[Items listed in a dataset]
.....

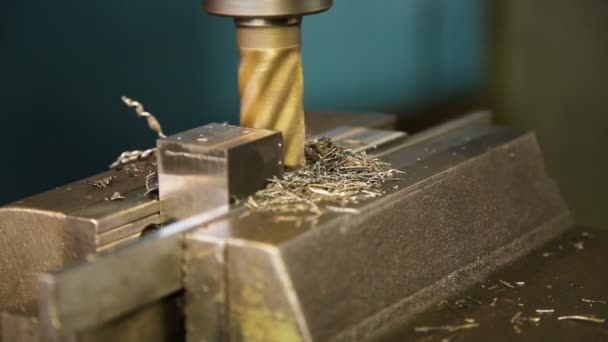 Metal milling machine — Stock Video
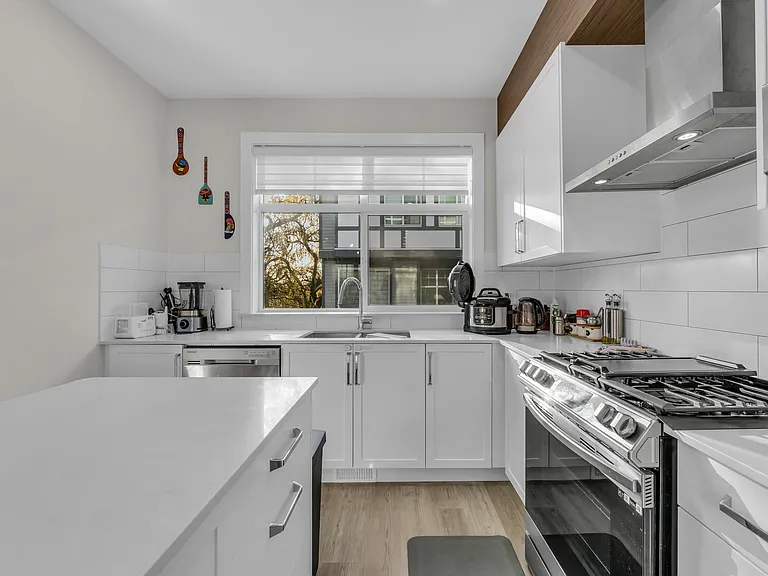 17528 60th Ave #1 — Photo 4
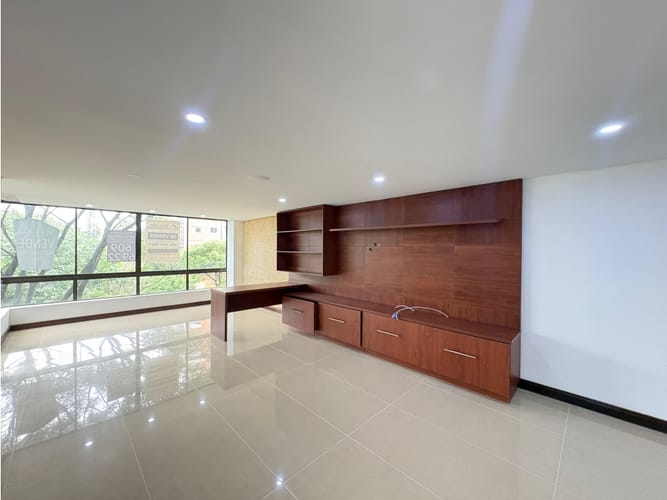 Apartamento de 4 alcobas en arriendo en Vía Las Palmas, Medellín, 295 m² · foto 10 de 24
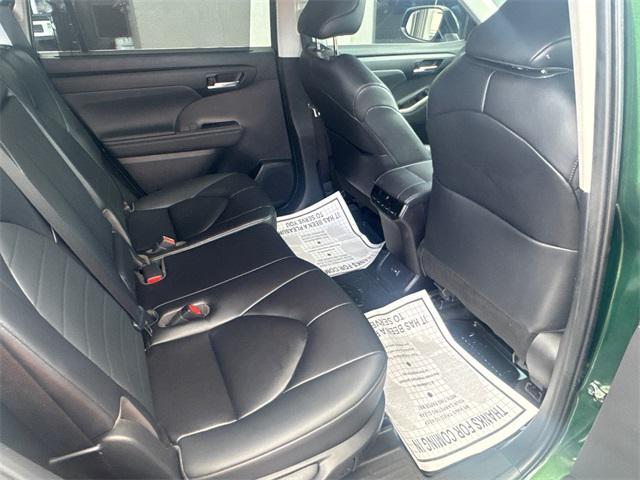 used 2023 Toyota Highlander car, priced at $34,895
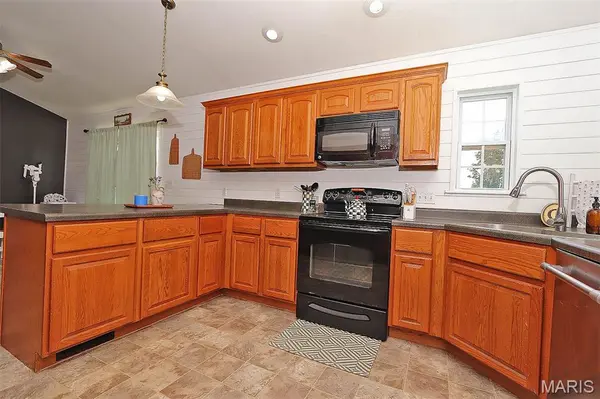 109 Sunset CT, Farmington, MO 63640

.....

» What to do
Your answer must consist solely of the lines from the one containing "used 2023 Toyota" through the last line of the records above, copied exactly, with every picture left out.

» Worked solution
 used 2023 Toyota Highlander car, priced at $34,895
 109 Sunset CT, Farmington, MO 63640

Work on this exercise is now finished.